Saudi Arabia Economics: 1Q19 budget outturn – Aramco’s large dividend drives fiscal balance into surplus
1Q surplus driven by one-off growth in oil revenues
Saudi Arabia’s 1Q19 fiscal balance registered an unexpected surplus of SAR27.8bn (USD7.4bn, 0.9% of GDP), thanks primarily to a sharp (48% Y-o-Y) rise in oil revenues. The surplus came as a surprise, given that oil prices actually fell 6% Y-o-Y during the quarter and crude oil production was up only 2%. Finance Minister Mohamed Al-Jadaan had earlier clarified to Bloomberg that this sharp rise was driven by a special dividend from Aramco, despite the budget having also received dividends from the oil giant last year; this year, however, the dividend, for some reason, was larger. This probably shows the changing nature of transfers from Aramco to the budget, given that the oil giant has recently included not just its receipts from exports, but also its earned profits from other businesses, including petrochemicals and natural gas, in addition to local sales of petroleum products. In our view, such a change makes it all the more difficult to project oil revenues in the future, unless Aramco starts to publish its quarterly results as well.
Non-oil revenues were also quite strong in 1Q, thanks partially to expat levy
Overall, revenues were also boosted by a sharp 46% Y-o-Y increase in non-oil revenues, primarily driven by growth in taxes on goods and services.

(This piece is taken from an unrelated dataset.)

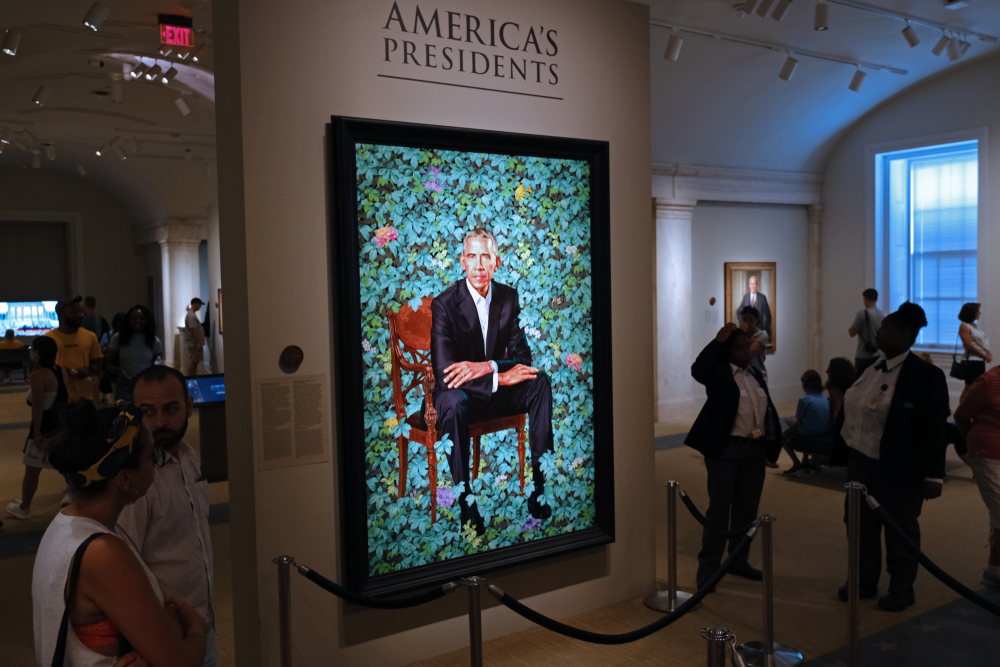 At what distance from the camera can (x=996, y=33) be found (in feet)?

The latter grew by a whopping 82% Y-o-Y, which is particularly strong, considering the high base from last year, when it saw a fourfold increase. There are no breakdowns available, but we speculate the increase could have mainly emanated from the increase in expat levy, which the gov’t estimated will double revenues from that fee in 2019, as well as a widening of the value-added tax base, by including businesses with turnover of less than USD100k a year. The sharp growth in non-oil revenues meant the non-oil fiscal deficit narrowed for the first time in more than a year, falling 5% Y-o-Y to SAR141bn, equivalent to 7.1% of non-oil GDP, compared to 7.7% a year earlier.

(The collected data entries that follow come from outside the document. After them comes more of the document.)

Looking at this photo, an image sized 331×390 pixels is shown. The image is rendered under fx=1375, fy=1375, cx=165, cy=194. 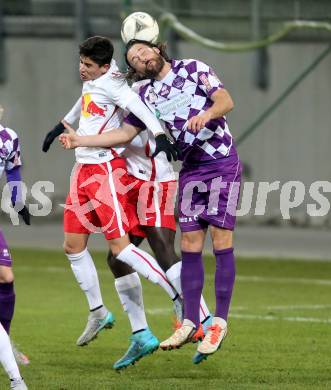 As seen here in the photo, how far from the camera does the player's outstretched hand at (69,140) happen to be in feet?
29.5

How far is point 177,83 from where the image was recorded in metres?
9.00

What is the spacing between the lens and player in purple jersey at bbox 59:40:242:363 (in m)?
8.97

Year starts off with a healthy growth in spending
1Q19 saw a decent start of the year in terms of spending when compared to the previous couple of years (for which quarterly data is available). This is especially the case in terms of quality of the spending: capital spending is up 12% Y-o-Y in 1Q19, having contracted in the same quarter last year, providing some marginal support to the gradual pick-up in economic activity we have been seeing since the beginning of the year. In addition, there was also healthy growth in wages (up 8%) and social spending, especially on cash transfers within the Citizen Account. While strong growth in capital spending is set to continue, considering that the gov’t has budgeted for a 25% Y-o-Y increase for the year, it is not clear whether growth in wages will continue, given that the gov’t has actually budgeted for a 4% Y-o-Y decline in wages.
Slightly better fiscal outlook for 2019; challenges remain
Recording an unexpected surplus in 1Q19 is positive, especially considering that oil prices were well below our estimated budget breakeven oil price of USD74/b. We, therefore, foresee some upside risk to our current fiscal deficit forecast of 4.9% of GDP, which is based on an oil price assumption of USD70/b. Nevertheless, we foresee the budget going back into surplus as the Aramco dividend is not set to be recurrent. The narrowing of the non-oil fiscal deficit is also a positive surprise, though we also remain unsure whether it will be repeated in the next quarters, given the one-off nature collection in the expat levy. In all cases, the budget remains still notably dependent on oil for its stability and, at current oil prices, does not have the capacity to support ambitious spending plans, which are, therefore, set to be funded and delivered mostly by the Public Investment Fund (PIF).